Iron ore for January delivery on the Dalian Commodity Exchange DCIOcv1 rose 0.3 percent to 348 yuan ($54.73) a tonne by close, despite a big dive in other commodities including base metals and petrochemicals.
The most-traded May rebar on the Shanghai Futures Exchange SRBcv1 slipped 0.1 percent to close at 1,797 yuan a tonne. It tumbled to a record low of 1,768 yuan last week.
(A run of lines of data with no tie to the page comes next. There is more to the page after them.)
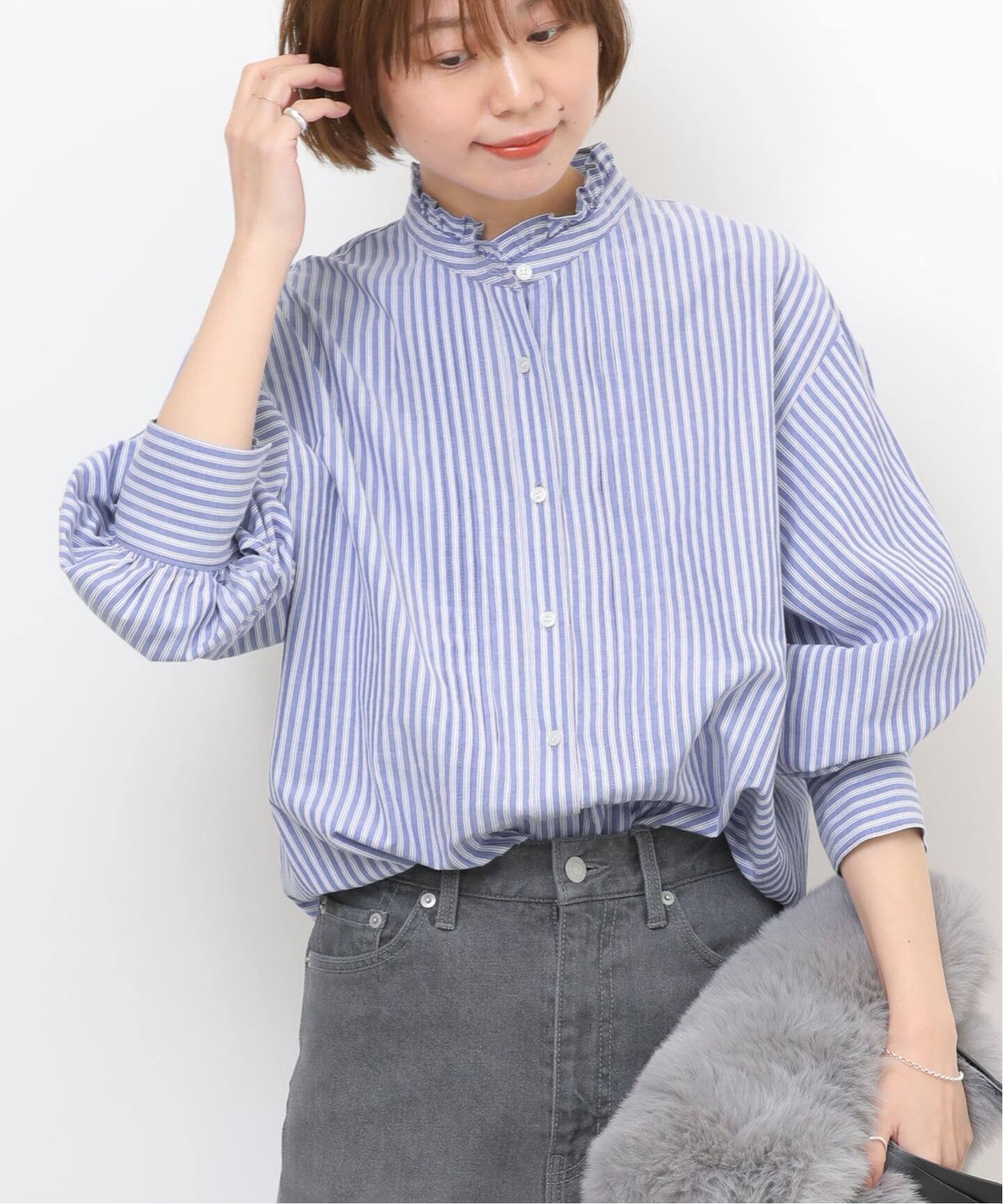 【ジャーナルスタンダード レリューム/JOURNAL STANDARD relume】のフリルネックドビーストライプシャツ インテリア・キッズ・メンズ・レディースファッション・服の通販 founy(ファニー) 　ファッション　Fashion　レディースファッション　Fashion for Women　トップス・カットソー　Cut & Sew Tops　シャツ・ブラウス・オフィスカジュアル　Elegant Blouses & Button-Ups　2025年　2025　2025-2026秋冬・A/W　Autumn/Winter 2025–26 AW25–26　インナー　Innerwear　スウェット / スエット　Sweatshirt, Sweatwear　バランス　Balance, Style Balance　フリル　Frill, Ruffle　フロント　Front, Front Design　春　Spring　ブルー|ID: prp329100004798215 ipo3291000000034950702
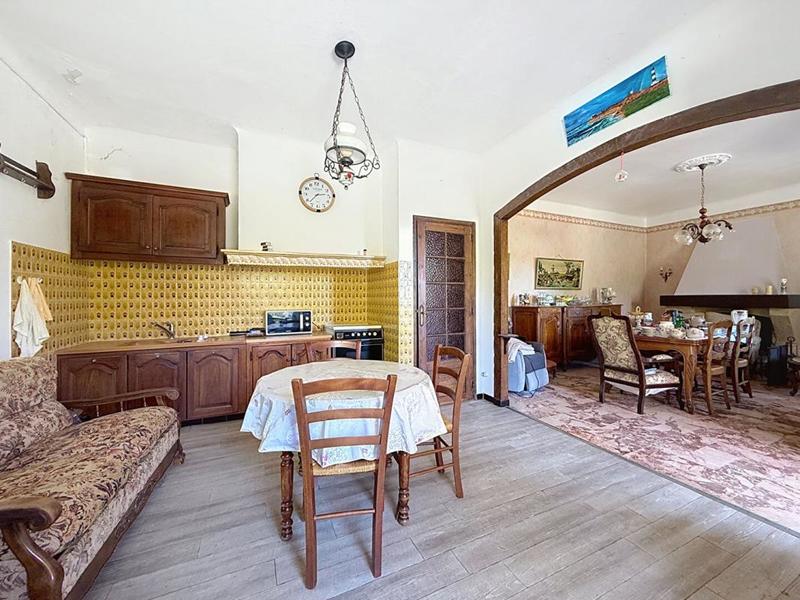 Maison - 114 m² - 8 pièces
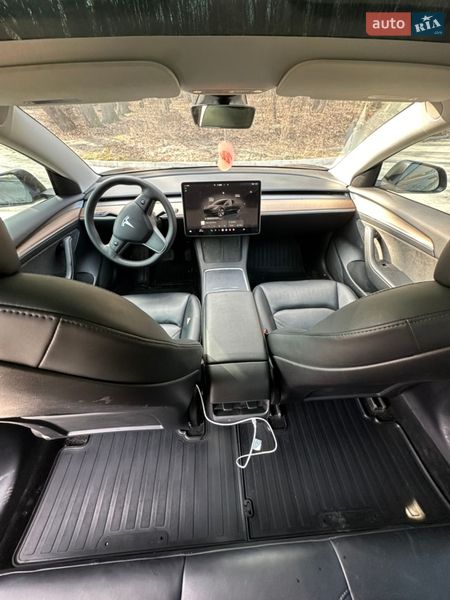 Седан Tesla Model 3 2022 в Тернополі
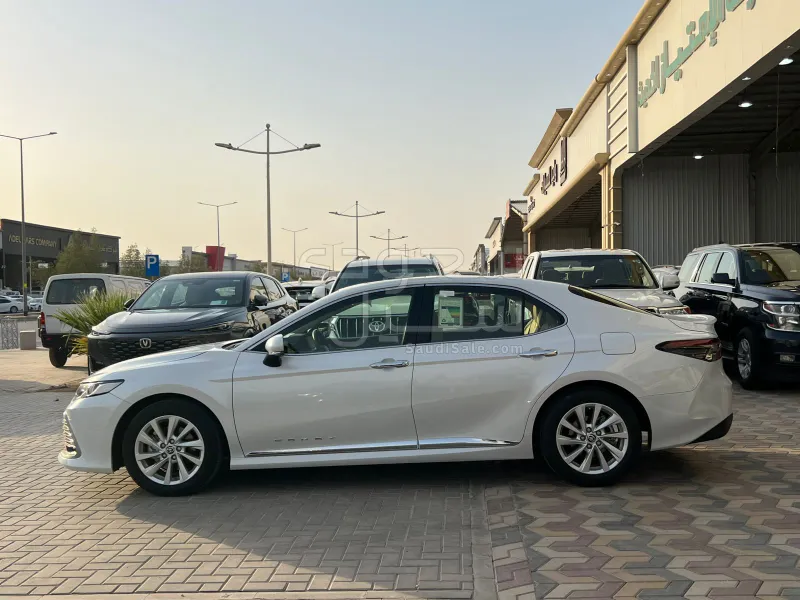 2024 Toyota Camry GLE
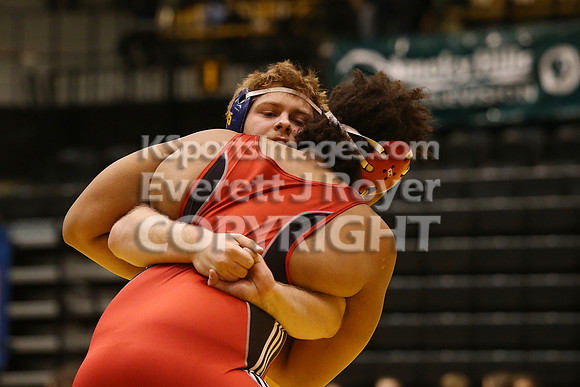 At 285,  Collyn Auker, Norton defeated  Taye Washington, Hoxie 6-1 in the 3-2-1A 2017 KSHSAA Wrestling Championship Finals, Saturday, February 25, 2017.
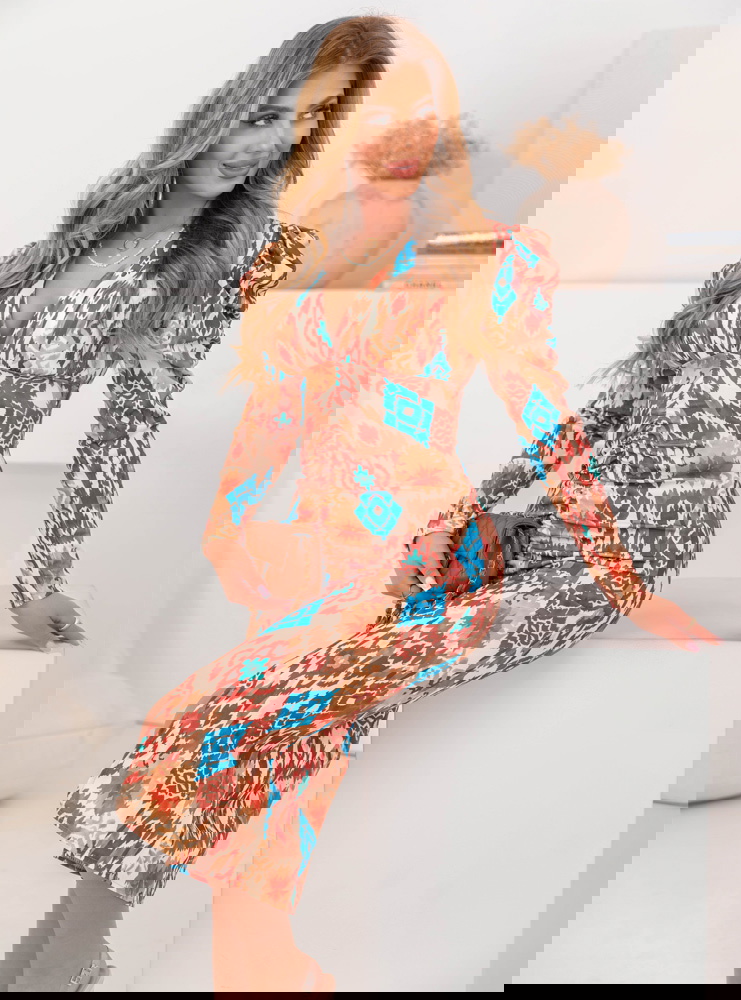 Wzorzysta dopasowana sukienka z...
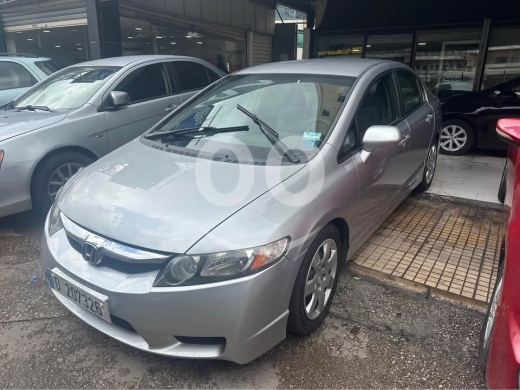 Honda in Berj Hammoud - Honda civic 2009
Rebar and iron ore prices at 0707 GMT
Contract
Last
Change Pct Change SHFE REBAR MAY6
1797
-2.00
-0.11 DALIAN IRON ORE DCE DCIO JAN6
348
+1.00
+0.29 THE STEEL INDEX 62 PCT INDEX
47.7
+0.30
+0.63 METAL BULLETIN INDEX
48.24
+0.03
+0.06
Dalian iron ore and Shanghai rebar in yuan/tonne Index in dollars/tonne, show close for the previous trading day ($1 = 6.3587 Chinese yuan)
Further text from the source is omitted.